New feature to make introducing counter caches safer and easier

Counter caches are used to avoid costly sql queries like parent.children.any?/parent.children.none?/parent.children.count or just make some queries based on the column itself etc.

It is very easy to add a counter cache column to a new table, just add a column.

It is also easy to add a counter cache column to an existing small table - just add a column, lock additionally the referenced table (to avoid adding new records) and backfill it in a single transaction - this will not take too much time and is safe.

Adding a counter cache to a big table is problematic. It should be done in multiple steps.

One way:

  1. add a counter column to the parent table
  2. add triggers to the referenced table to update the parent table when records are created/deleted
  3. add counter_cache: true to the parent model
  4. delete the triggers

Or we can change step 2 to use a child model callback instead.

But in either case, this makes introducing counter caches more complex than it needs to be and many people (myself included some years ago) just don’t think about (aren’t aware of) this problem and do it the straightforward (incorrect) way.

So I propose a new option, something like: counter_cache: { filled: false }, which skips considering the column to optimize some COUNT based queries (like in the examples at the beginning) and maybe raises so error when trying to access it via record.somethings_count.

With this change, the new process for adding a counter cache will be like the following:

  1. add a column
  2. add counter_cache: { filled: false }
  3. backfill
  4. remove filled: false, so now the app uses this column

Nice and simple, no triggers, callbacks and less chances to get a race condition

Wdyt? I would like to introduce this feature into rails.

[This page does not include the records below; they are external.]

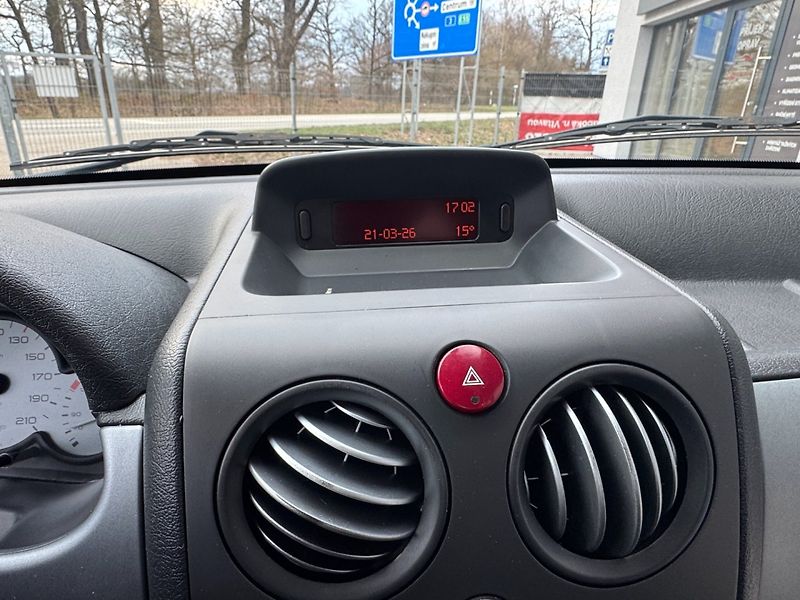 Citroën Berlingo (2008) 1.4 Klima - fotka 17 z 30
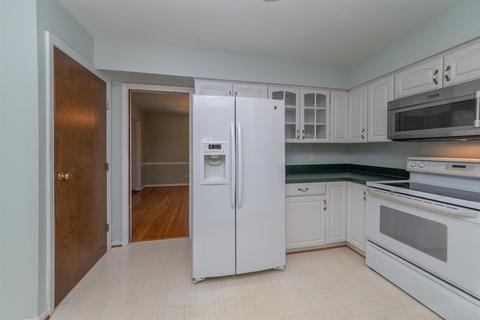 6034 Trowbridge Dr, Cincinnati, OH 45241 photo 9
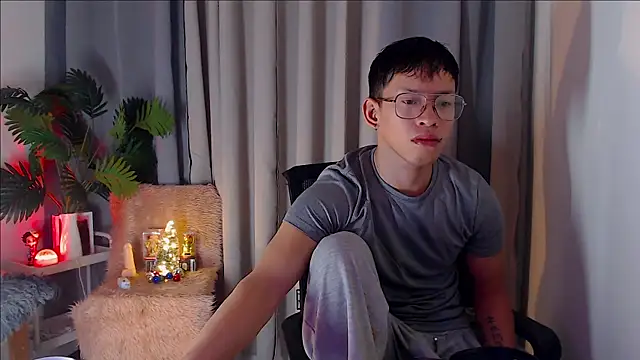 Snapshot of pinkcock_froi2305 chatting on 29, 9, 2025 pinkcock froi2305 online show from 29, 9, 2025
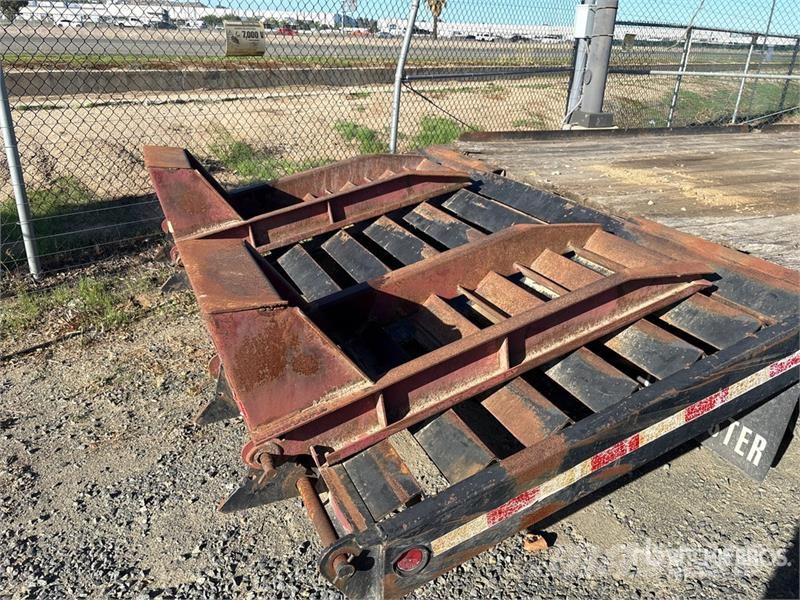TOWMASTER 24 ft T/A Equipment Trailer مقطورات مركبات نقل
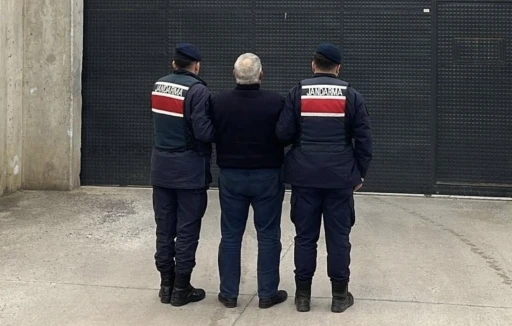 Bafra&rsquo;da uyuşturucudan aranan h&uuml;k&uuml;ml&uuml; yakalandı
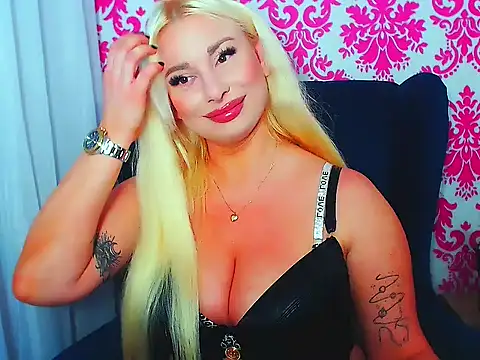 Snapshot of LuxuriaBlond chatting on October 2025 09:37:01 PM LuxuriaBlond online show from October 2025 09:37:01 PM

@byroot Interested in your opinion on this. Does Shopify uses rails’ counter caches and how you solve the mentioned problem.

2 Likes

I need to run so I can’t give a proper long answer.

But long story short, I wouldn’t do it exactly like that, but yes a way to have counters “active”, as in incremented / decremented, but not used (e…g .size doesn’t consider them) would be useful to help the backfill.

1 Like

Yes, so please give a longer answer when you have time :slight_smile:

So the longer answer is that at Shopify we basically do what you propose, we just don’t have much help for it, you have to be careful not to use any API that may read the counter cache while it’s backfiling. So in other words, it’s very brittle and easy to shoot yourself in the foot, so I would welcome a such a feature.

So I encourage you to start a PR, we can iterate on it.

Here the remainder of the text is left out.